Dataset entries
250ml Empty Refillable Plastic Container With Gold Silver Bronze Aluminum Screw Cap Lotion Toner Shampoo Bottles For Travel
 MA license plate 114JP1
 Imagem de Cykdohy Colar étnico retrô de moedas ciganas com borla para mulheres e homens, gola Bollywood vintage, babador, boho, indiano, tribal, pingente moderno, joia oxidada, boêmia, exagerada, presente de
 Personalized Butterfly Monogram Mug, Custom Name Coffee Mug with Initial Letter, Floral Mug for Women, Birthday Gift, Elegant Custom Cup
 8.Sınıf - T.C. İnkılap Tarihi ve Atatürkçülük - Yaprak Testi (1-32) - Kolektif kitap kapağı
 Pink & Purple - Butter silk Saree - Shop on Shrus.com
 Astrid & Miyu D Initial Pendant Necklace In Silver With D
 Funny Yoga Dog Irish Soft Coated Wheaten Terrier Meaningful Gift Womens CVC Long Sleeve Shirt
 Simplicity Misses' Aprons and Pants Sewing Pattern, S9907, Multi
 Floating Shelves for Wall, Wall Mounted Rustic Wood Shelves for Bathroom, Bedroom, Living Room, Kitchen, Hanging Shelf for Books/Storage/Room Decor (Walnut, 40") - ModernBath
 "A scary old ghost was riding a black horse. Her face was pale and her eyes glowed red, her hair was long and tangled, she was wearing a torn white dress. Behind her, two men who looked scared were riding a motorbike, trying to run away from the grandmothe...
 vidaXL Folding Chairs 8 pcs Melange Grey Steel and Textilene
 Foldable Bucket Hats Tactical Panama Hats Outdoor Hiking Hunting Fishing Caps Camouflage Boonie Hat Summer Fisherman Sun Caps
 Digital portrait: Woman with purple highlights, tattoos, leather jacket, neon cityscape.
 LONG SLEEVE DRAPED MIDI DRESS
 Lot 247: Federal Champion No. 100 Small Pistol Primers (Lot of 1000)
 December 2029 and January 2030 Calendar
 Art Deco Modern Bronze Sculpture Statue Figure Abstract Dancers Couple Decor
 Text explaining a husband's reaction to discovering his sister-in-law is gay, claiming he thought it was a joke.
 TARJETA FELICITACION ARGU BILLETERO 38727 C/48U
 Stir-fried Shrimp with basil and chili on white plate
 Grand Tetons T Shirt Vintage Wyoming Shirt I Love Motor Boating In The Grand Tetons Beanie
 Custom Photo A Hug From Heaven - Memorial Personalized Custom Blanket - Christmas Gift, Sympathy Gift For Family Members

» EXERCISE AIM
Transcribe the data above in full, keeping every word as it is.

» SOLUTION FOR THIS TASK
250ml Empty Refillable Plastic Container With Gold Silver Bronze Aluminum Screw Cap Lotion Toner Shampoo Bottles For Travel
 MA license plate 114JP1
 Imagem de Cykdohy Colar étnico retrô de moedas ciganas com borla para mulheres e homens, gola Bollywood vintage, babador, boho, indiano, tribal, pingente moderno, joia oxidada, boêmia, exagerada, presente de
 Personalized Butterfly Monogram Mug, Custom Name Coffee Mug with Initial Letter, Floral Mug for Women, Birthday Gift, Elegant Custom Cup
 8.Sınıf - T.C. İnkılap Tarihi ve Atatürkçülük - Yaprak Testi (1-32) - Kolektif kitap kapağı
 Pink & Purple - Butter silk Saree - Shop on Shrus.com
 Astrid & Miyu D Initial Pendant Necklace In Silver With D
 Funny Yoga Dog Irish Soft Coated Wheaten Terrier Meaningful Gift Womens CVC Long Sleeve Shirt
 Simplicity Misses' Aprons and Pants Sewing Pattern, S9907, Multi
 Floating Shelves for Wall, Wall Mounted Rustic Wood Shelves for Bathroom, Bedroom, Living Room, Kitchen, Hanging Shelf for Books/Storage/Room Decor (Walnut, 40") - ModernBath
 "A scary old ghost was riding a black horse. Her face was pale and her eyes glowed red, her hair was long and tangled, she was wearing a torn white dress. Behind her, two men who looked scared were riding a motorbike, trying to run away from the grandmothe...
 vidaXL Folding Chairs 8 pcs Melange Grey Steel and Textilene
 Foldable Bucket Hats Tactical Panama Hats Outdoor Hiking Hunting Fishing Caps Camouflage Boonie Hat Summer Fisherman Sun Caps
 Digital portrait: Woman with purple highlights, tattoos, leather jacket, neon cityscape.
 LONG SLEEVE DRAPED MIDI DRESS
 Lot 247: Federal Champion No. 100 Small Pistol Primers (Lot of 1000)
 December 2029 and January 2030 Calendar
 Art Deco Modern Bronze Sculpture Statue Figure Abstract Dancers Couple Decor
 Text explaining a husband's reaction to discovering his sister-in-law is gay, claiming he thought it was a joke.
 TARJETA FELICITACION ARGU BILLETERO 38727 C/48U
 Stir-fried Shrimp with basil and chili on white plate
 Grand Tetons T Shirt Vintage Wyoming Shirt I Love Motor Boating In The Grand Tetons Beanie
 Custom Photo A Hug From Heaven - Memorial Personalized Custom Blanket - Christmas Gift, Sympathy Gift For Family Members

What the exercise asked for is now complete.